━━━ Supplied records
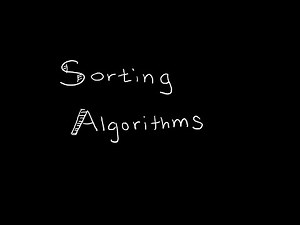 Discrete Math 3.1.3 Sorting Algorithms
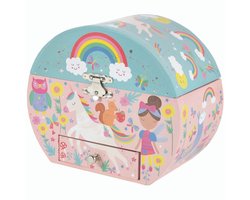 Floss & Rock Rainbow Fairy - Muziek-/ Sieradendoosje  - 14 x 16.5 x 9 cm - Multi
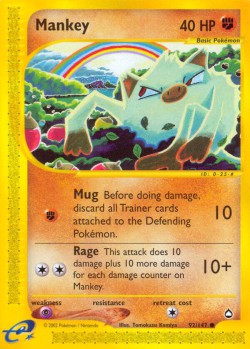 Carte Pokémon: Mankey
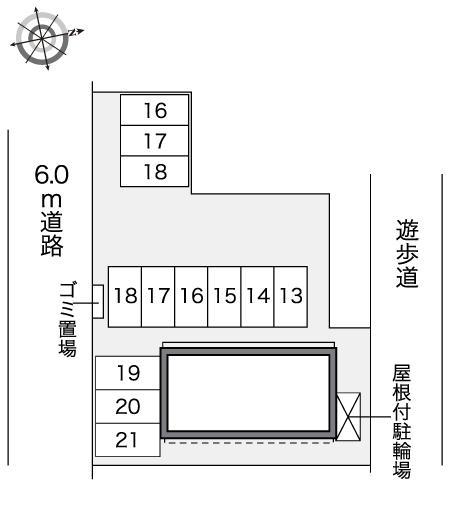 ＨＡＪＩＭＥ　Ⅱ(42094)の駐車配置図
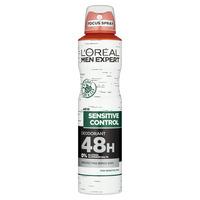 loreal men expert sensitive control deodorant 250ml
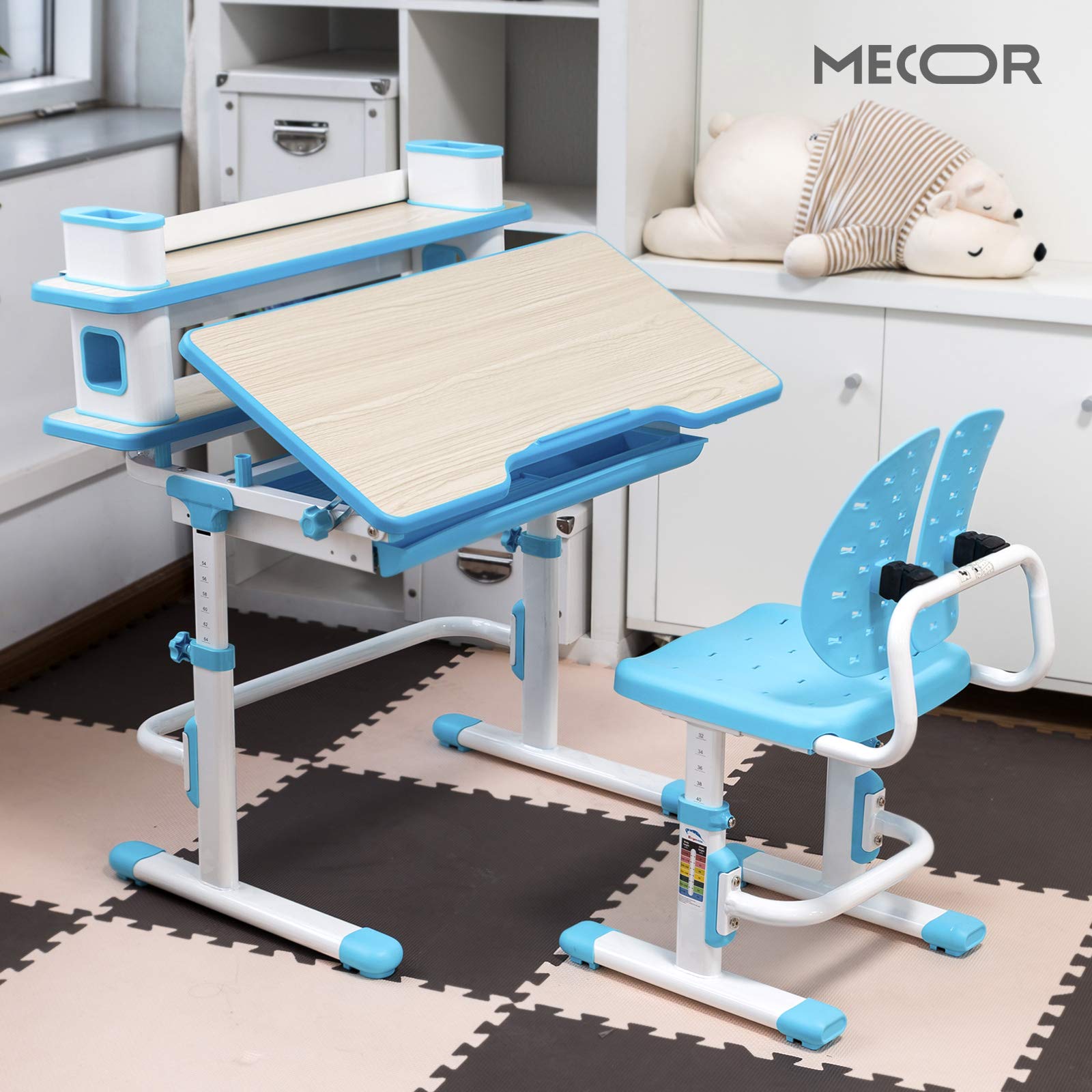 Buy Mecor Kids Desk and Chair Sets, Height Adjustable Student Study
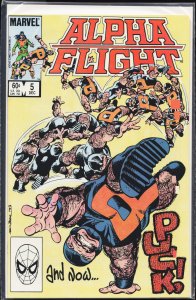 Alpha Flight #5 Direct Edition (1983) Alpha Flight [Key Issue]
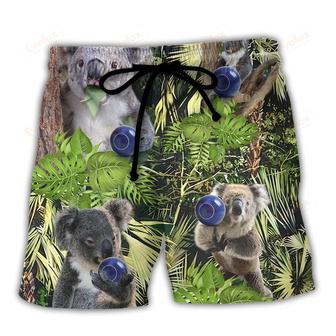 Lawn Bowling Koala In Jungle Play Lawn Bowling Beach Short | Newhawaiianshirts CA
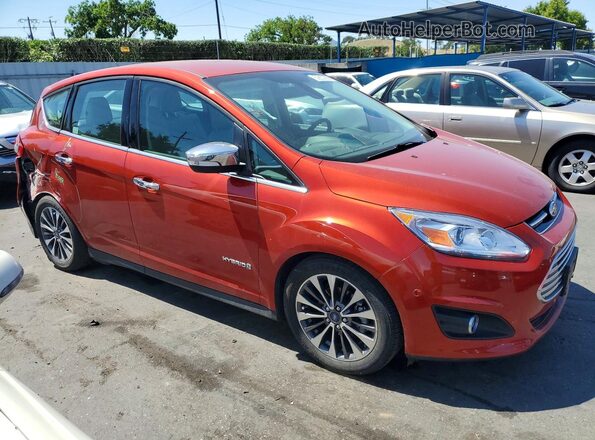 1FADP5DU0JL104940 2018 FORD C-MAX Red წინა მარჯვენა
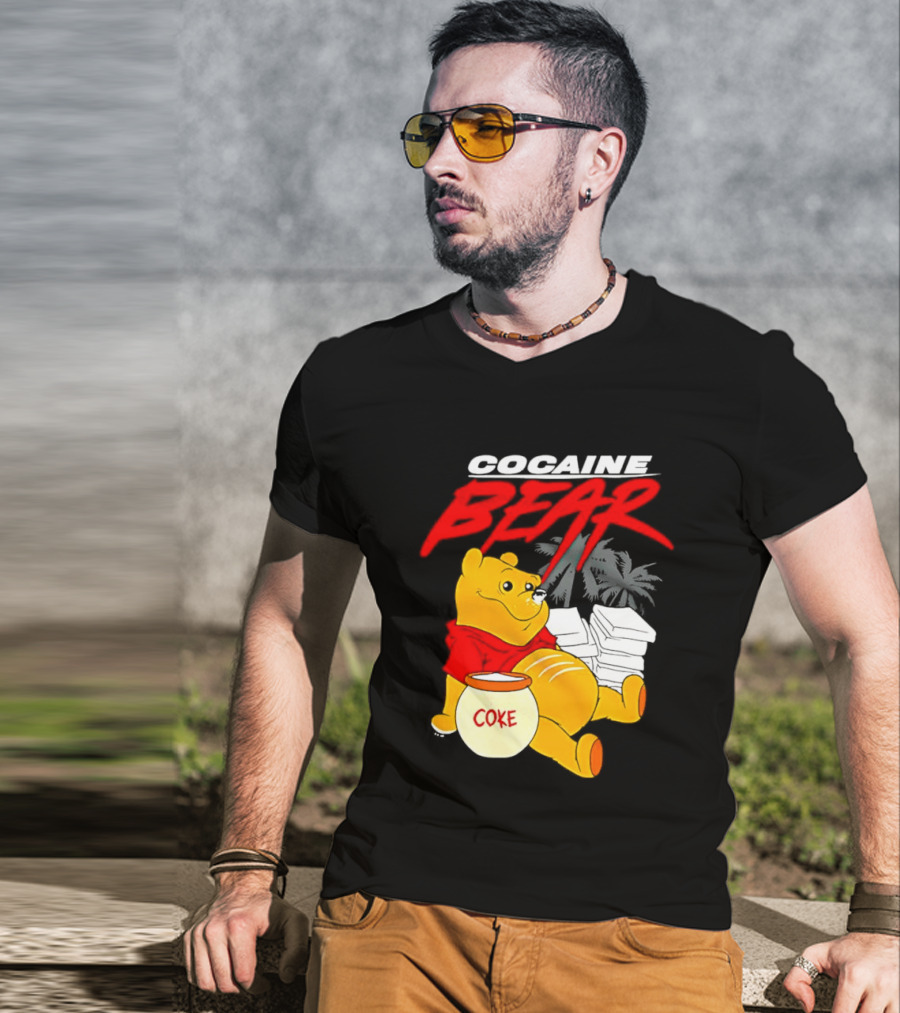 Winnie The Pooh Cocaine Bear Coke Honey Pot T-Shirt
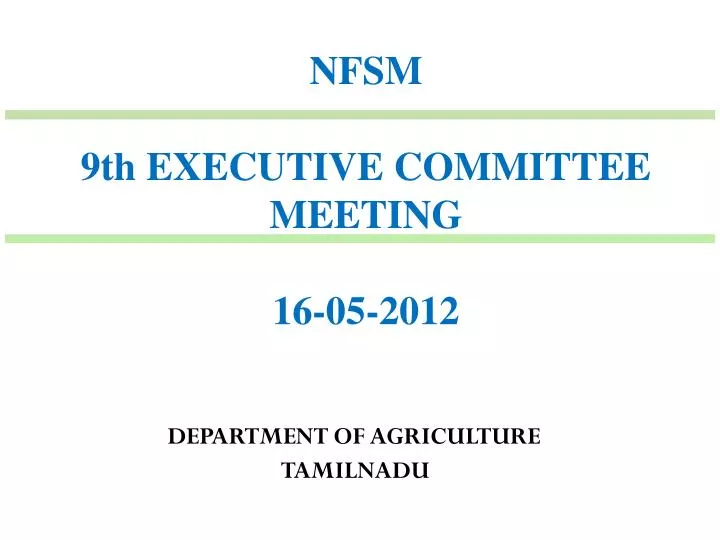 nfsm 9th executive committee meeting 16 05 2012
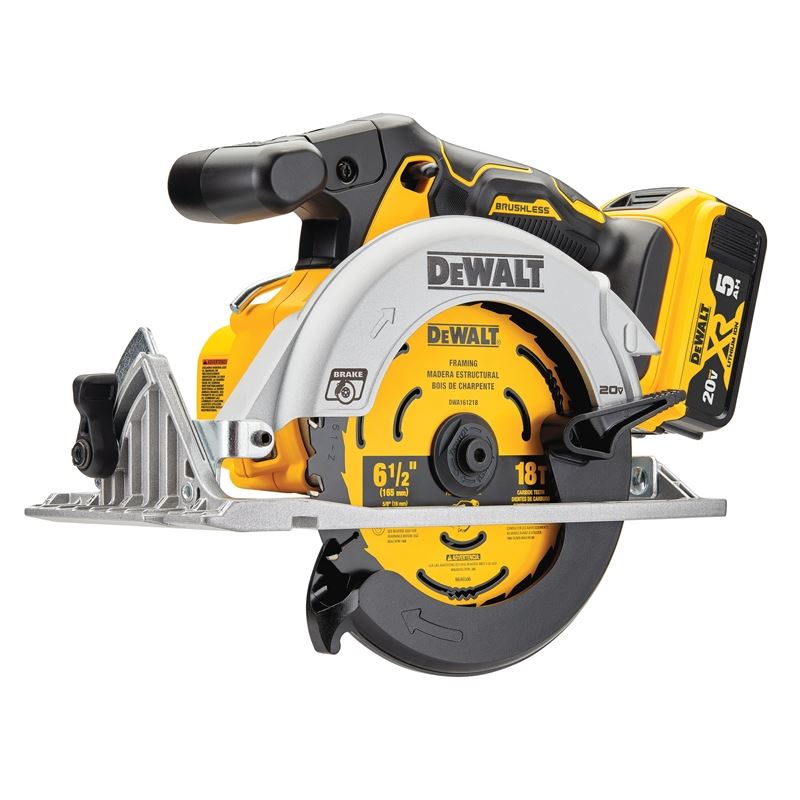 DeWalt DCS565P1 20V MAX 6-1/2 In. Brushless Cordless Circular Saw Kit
━━━━━━
Problem requirements:
Please give back the data above word for word, with no pictures included.

Solution:
 Discrete Math 3.1.3 Sorting Algorithms
 Floss & Rock Rainbow Fairy - Muziek-/ Sieradendoosje  - 14 x 16.5 x 9 cm - Multi
 Carte Pokémon: Mankey
 ＨＡＪＩＭＥ　Ⅱ(42094)の駐車配置図
 loreal men expert sensitive control deodorant 250ml
 Buy Mecor Kids Desk and Chair Sets, Height Adjustable Student Study
 Alpha Flight #5 Direct Edition (1983) Alpha Flight [Key Issue]
 Lawn Bowling Koala In Jungle Play Lawn Bowling Beach Short | Newhawaiianshirts CA
 1FADP5DU0JL104940 2018 FORD C-MAX Red წინა მარჯვენა
 Winnie The Pooh Cocaine Bear Coke Honey Pot T-Shirt
 nfsm 9th executive committee meeting 16 05 2012
 DeWalt DCS565P1 20V MAX 6-1/2 In. Brushless Cordless Circular Saw Kit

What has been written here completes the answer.